Silencing the Revolution
October 25, 1917 marked the beginning of more than seven decades of communist rule in the Soviet Union. On this day, known as the October Revolution, Bolsheviks overthrew the Russian Imperial regime, radically changing the life-course of Russia and its empire. Celebrated on November 7- due to a calendar reform that took place a few months after the revolution -this day was a joyous occasion for generations of Soviet citizens, and a chance to admire ostentatious demonstrations of Soviet power and success. After the collapse of the Soviet Union in 1991, this date lost its national holiday status. However, in a country where the Communist party is still the second largest party in parliament, the nostalgia for former Soviet greatness and its symbols has never quite disappeared. It seems almost inevitable that on the centenary of the Revolution a commemoration of the most important turning point in Russian modern history took place.
Unlike the Soviets, for whom the “Great” October Revolution was a sacrosanct cult, Vladimir Putin’s Kremlin considers it an uncomfortable legacy. The recent revival of the cult of Joseph Stalin – the strongman leader admired by Putin during whose reign the Soviet Union grew to its strongest – may well suit the authorities, but they are less eager about the echoes of 1917 and the notions of radical revolutionary change powered by the masses. Thus, there was deep tension and contradiction in how the different
subsets of Moscow chose to mark the October Revolution. The authorities, eager to avoid stirring up any anti-establishment tendencies, altogether ignored the event, instead co-opting the celebrations by staging a remembrance military march, not of the revolution, but of the 1941 counter-offensive: the push that led the Soviet Union to win the Second World War, or, as it is called in Russia, the Great Patriotic War.
A more explicit commemoration of the actual anniversary by some part of the population was unavoidable. Risking a scandal by banning these, the authorities decided to allow limited commemorations take place under close watch. In this tightly-controlled environment, the ‘revolutionaries’ - a bizarre mixture of elderly, nostalgia-driven veterans, young hard-left protesters, and foreign communist romanticists - were confined to the sidewalks. Their slogans, many of which have remained the same in the last 100 years, were drowning in the noise of traffic, and the commemorations were filled with oversized expectations and pathos. The result was the most silent and orderly ‘revolution’ possible.
The meticulously staged re-enactment of the 1941 military parade takes place on Red square.

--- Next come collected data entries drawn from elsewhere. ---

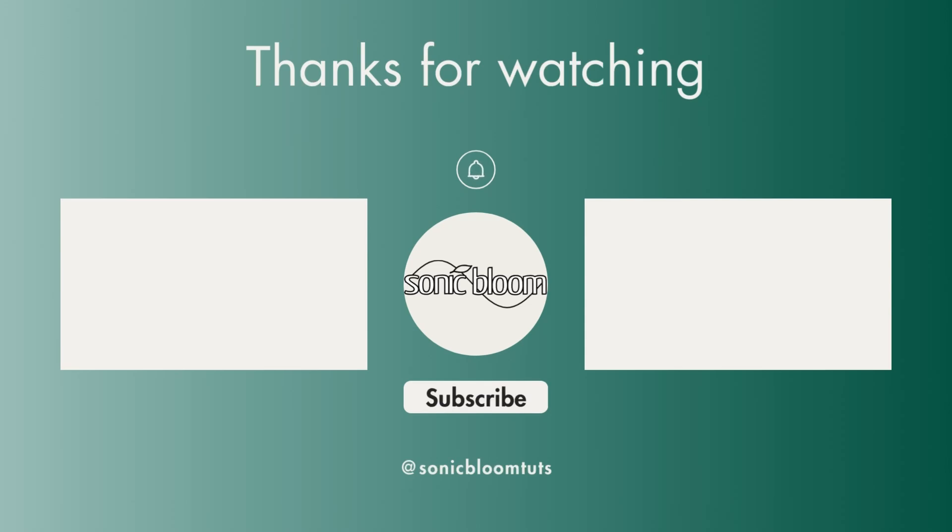Well, that's it. I hope you found this helpful. If you did, don't forget to like, share and subscribe and I'll see you next time. Until then. Bye.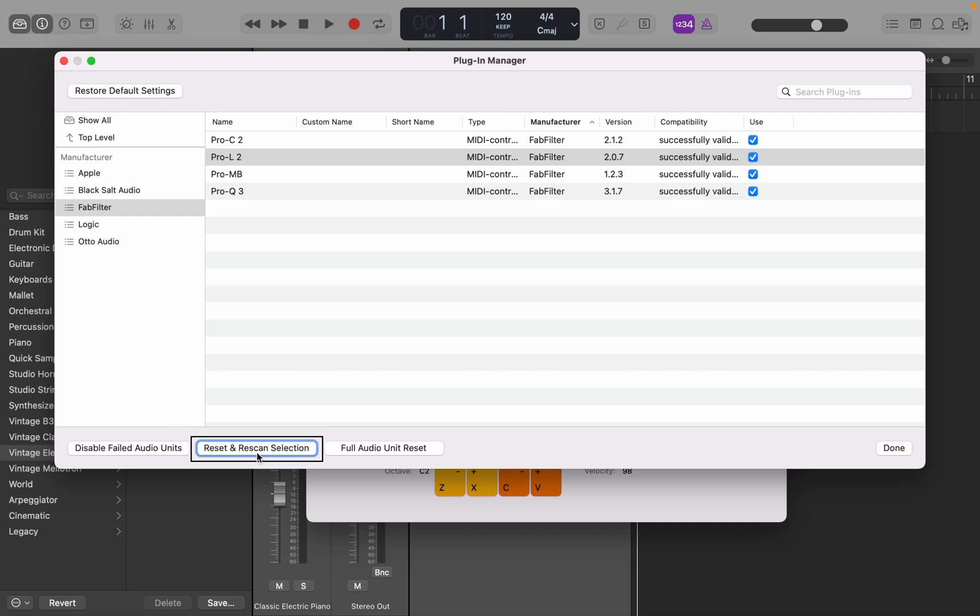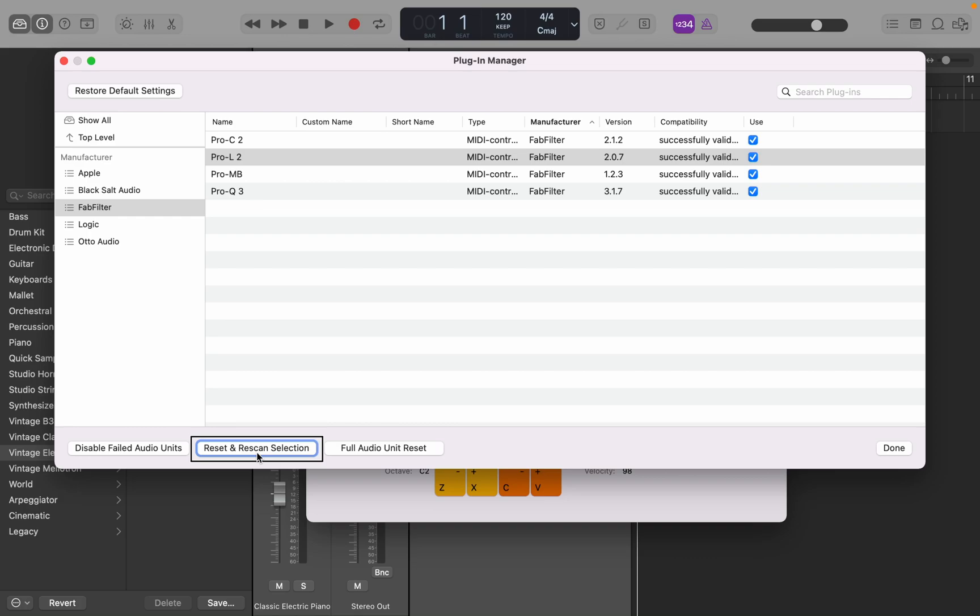If you only need to reset or re-scan one plugin, then view left until you get to the table. View left again over to the second table. Interact with that, select the manufacturer, like native instruments. Then view J to go back to the first table. Select the actual plugin there, like complete control. Stop interacting with the table, view right, and you get to reset and re-scan selection. That will let Logic re-scan just that one plugin, and hopefully that will solve the issue.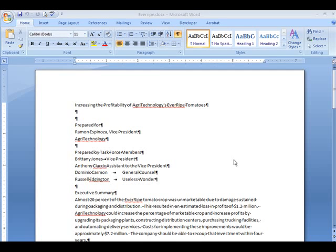I'm here to talk about creating section breaks in Word. This is Word 2007. Let's go into the print preview of this Everripe file that I use in class.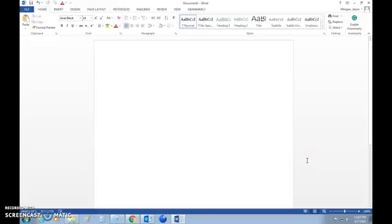Hello and welcome to how to format an MLA paper. This is going to be done in Microsoft Word 2013. So if your program looks a little different, that's okay. The basics are the same and the formatting is the same.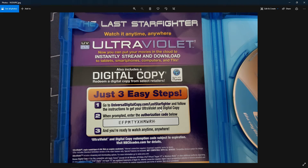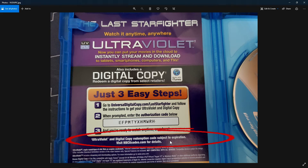In this case it says go to universaldigitalcopy.com/laststarfighter and follow the instructions to get your UltraViolet or digital copy. UltraViolet is no longer being offered — it's long since expired, it wasn't doing that well. Now you have Vudu. This code is what you need to get your digital copy; without it you can't get it. The problem I ran into is when I got Men in Black, I went to Vudu to redeem it and the code had expired. Sometimes they tell you the expiration date right on the insert, but this one did not.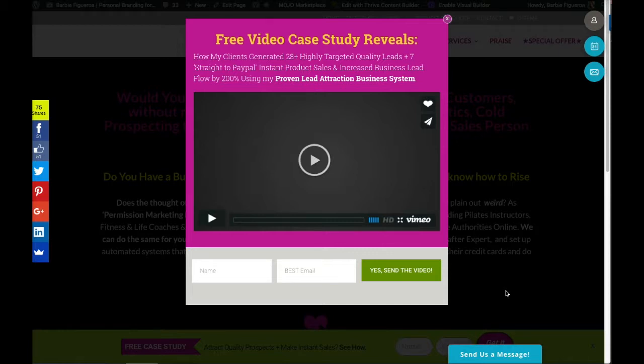So if you want to know how to host your PDFs, your lead magnets, or any free giveaways you have for generating leads online with your WordPress website, then keep on watching.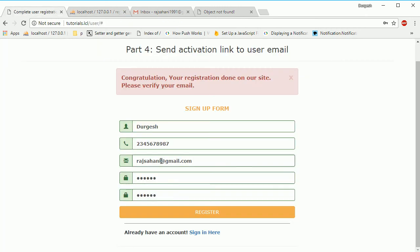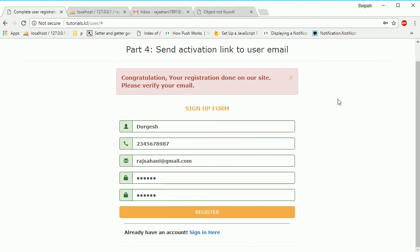This is a very simple example of how to send an activation link to a registered user. In the next session I will show you how to verify that email address. Thank you very much for watching — if you like my videos please don't forget to subscribe to my channel.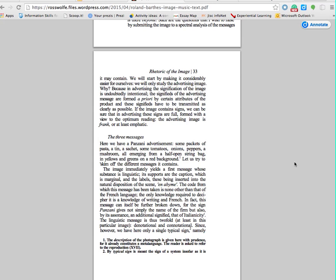Hello. I'd just like to spend a little bit of time looking at a text with you. This is an extract from Roland Barthes' Rhetoric of the Image. The reason I've chosen this is because it is a very difficult text but it's also really quite seminal to understanding semiotics, so hopefully me going through this with you will help.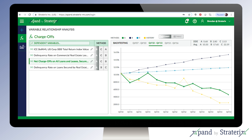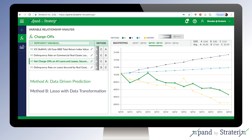Expand uses various techniques including regression and advanced, yet very transparent, machine learning to find dependencies between variables that remain consistent even during periods of market turbulence.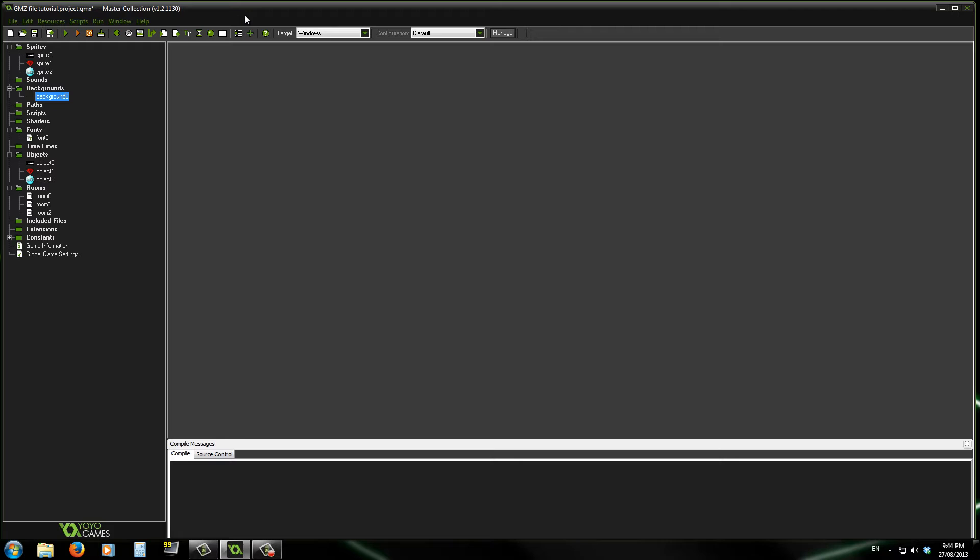Now, today I'm going to show you the .gmz file which is a built-in thing for GameMaker and what it does is it compresses your project into one .gmz file.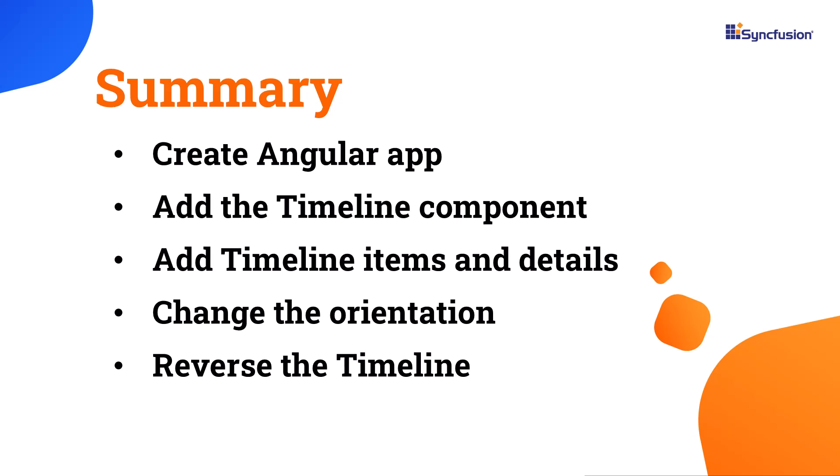Let's wrap up this video. I have shown you how to add a Syncfusion Angular Timeline component to an Angular application. I have also shown you how to align and disable the timeline items, change the orientation, and reverse the timeline. If you want to try out the example used in this video, you can download it from the GitHub link in the description below. I have also shared a link to learn how to obtain a free license key to use our Angular components through our community license if you are eligible. Thank you for watching this video. If you found it helpful, please like it and subscribe to our channel.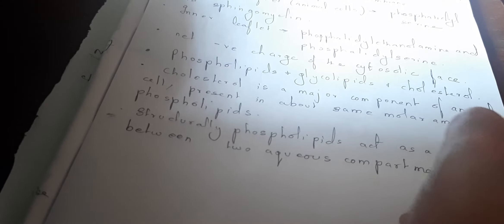Two general features of the phospholipid bilayer are critical to membrane function. First, the structure of phospholipids is responsible for the basic function of membranes as the barrier between two aqueous compartments. Because the interior of the phospholipid bilayer is occupied by hydrophobic fatty acid chains, the membrane is impermeable to water-soluble molecules.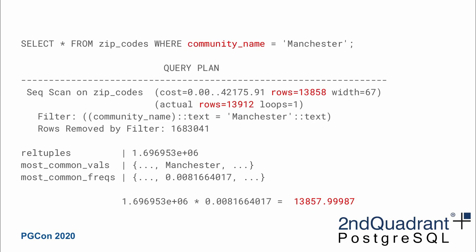We could do the same thing for a different column, and the process of computing the estimate would be exactly the same: number of rows multiplied by the frequency of the value in the most common value list for the other column. In this case that gives us an estimate of 13,858, which compared to the actual 13,912 rows is pretty accurate.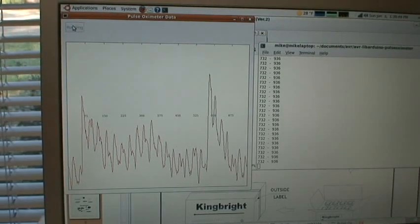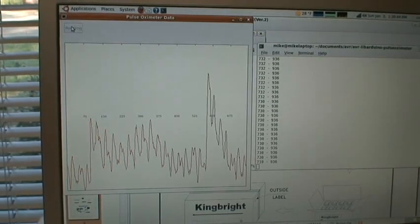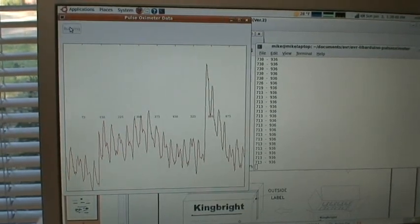Have you ever been to the doctor and they put the little clip on the end of your finger, and from that they can tell what your heart rate is and your oxygen saturation? Well I have, and so I decided to build my own in order to figure out how it works.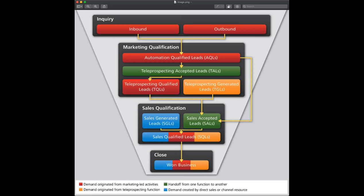Let's assume it gets all the way down to the sales qualified level. You probably have a lead scoring engine or something that gives you a directional predictability as to who is ready for a sales conversation and who is not. We all know that a lot of those processes are directional at best.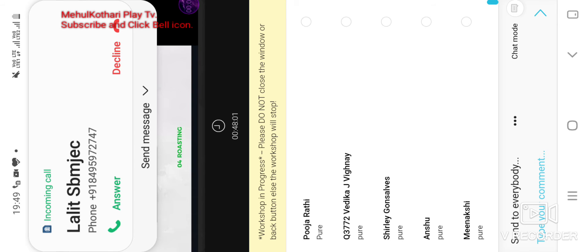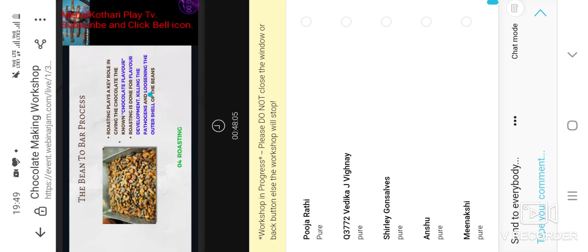Cocoa roasting — cocoa beans from Tamil Nadu may have one roasting profile, while roasting cocoa beans from Ghana, Africa, may have a different roasting profile.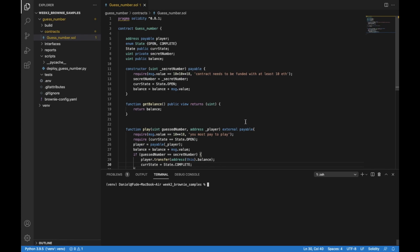Let's review our contract first very fast. What we have here is our contract GuessNumber. We have the address of the player, and this one is destined to receive a payment. We have the different states of the contract — it can be either an opened or a complete state. It's going to be opened when it is deployed and complete when someone guesses correctly the secret number and the contract pays its balance to someone.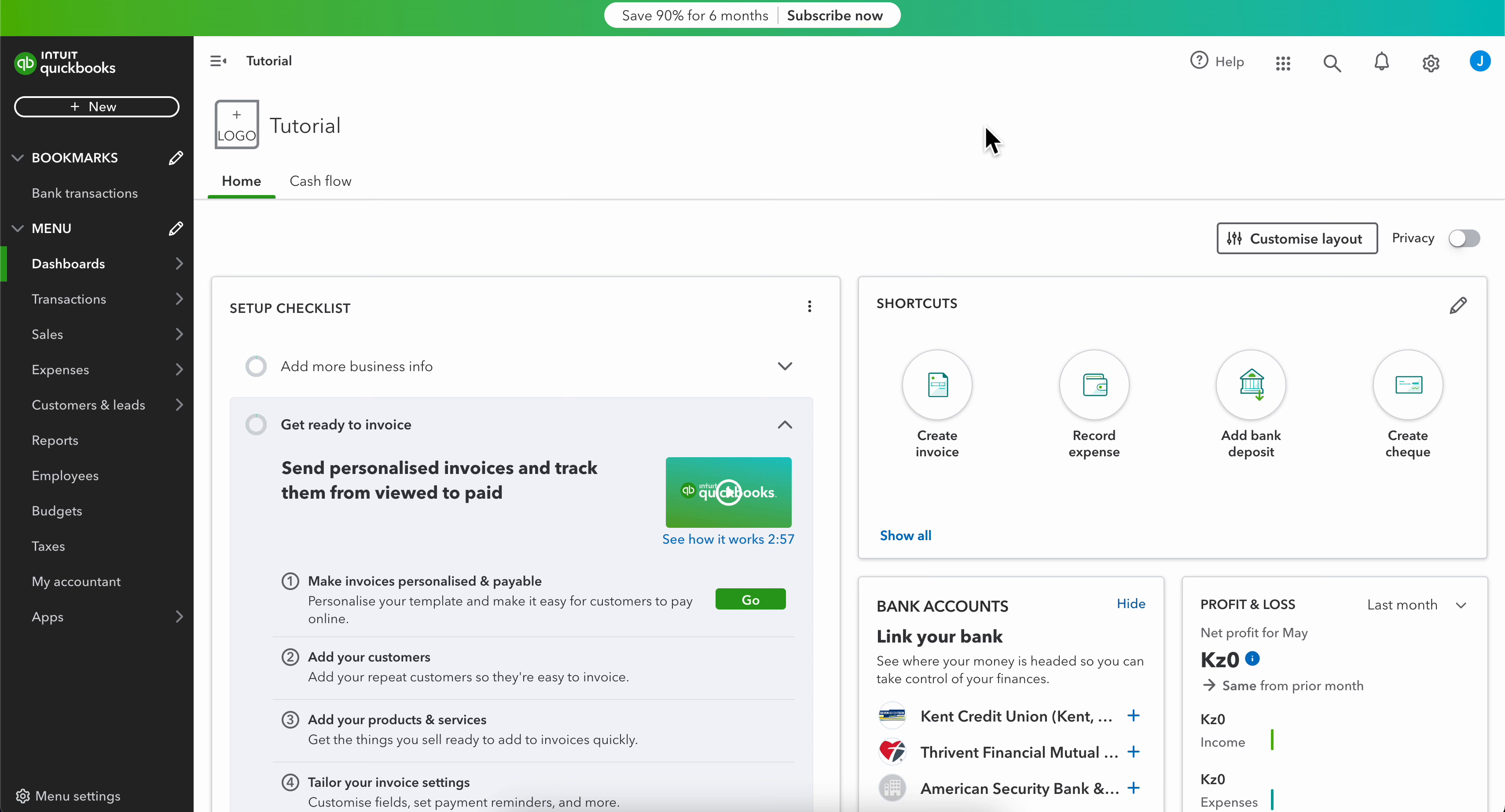In this video, I will show you how to change the primary admin in QuickBooks.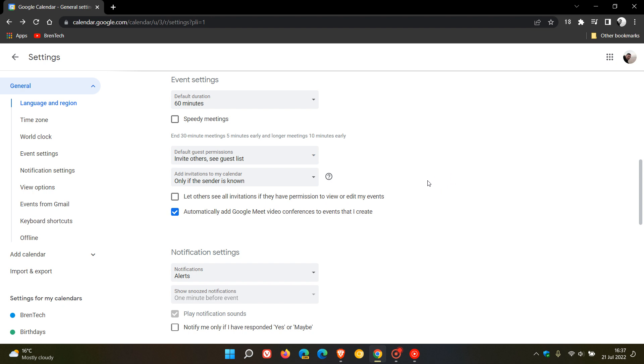And apparently it's been made available to all Google Workspace, Legacy G Suite, Basic and business customers, as well as personal Google accounts. So that applies to me. And so if you are just the average home user using Google Calendar, you will also receive that new option, only if the sender is known.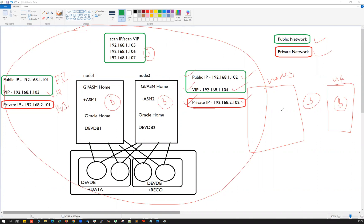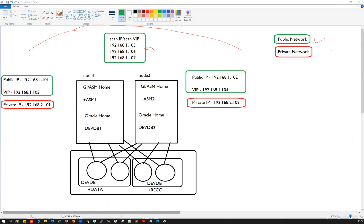All these IPs are segregated into two groups: public network and private network. Once you understand this networking, you can easily work with your network admin to configure all the required IPs for your RAC setup. That's it for today's session — let's connect in the next session with a new topic. Thank you everyone, bye!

Members of today’s working class take a break from work to enjoy the show.
A Russian family watches the military parade from the windows of a shopping centre on Red square. Most attendees of the November 7 commemorations seemed to focus their attention on the state-provided entertainment.
Entertainment is plentiful. A marching band reminisces with World War Two
military tunes in front of Moscow’s Bolshoi theatre.
Icons of the past are prepared for a parallel event — a march organized by the Communist Party directly commemorating the October Revolution. Rather than carrying a message for the future, the Communist Party stuck to tradition and produced retouched portraits of leaders long gone.
"The Soviet Union isn’t gone, it breaks through into the future," reads a newspaper distributed by an elderly lady at the rally.
Sergei Udaltsov makes an expected appearance. This young radical politician has been behind several leftist youth opposition movements. In 2012 he was imprisoned for organizing mass protests against Putin’s inauguration as president, and was released only weeks earlier. Those led by him in the march chant the most radical anti-regime slogans, but they are drowned out in the nostalgic clichés of other attendees.
Among the veterans and true communist believers calling for “another revolution”, some exhibits verge on mockery. Two men wearing cheap Red Army costumes push a plastic mock-up of the ship Aurora, the imperial cruiser taken over during the October Revolution whose salvo marked the take-over of St Petersburg Winter Palace.
With heavy presence of the anti-riot units, the march is funneled through the sidewalks. As a result, it fails to follow in the classic Moscow tradition of disrupting traffic on the city’s main artery, Tverskaya.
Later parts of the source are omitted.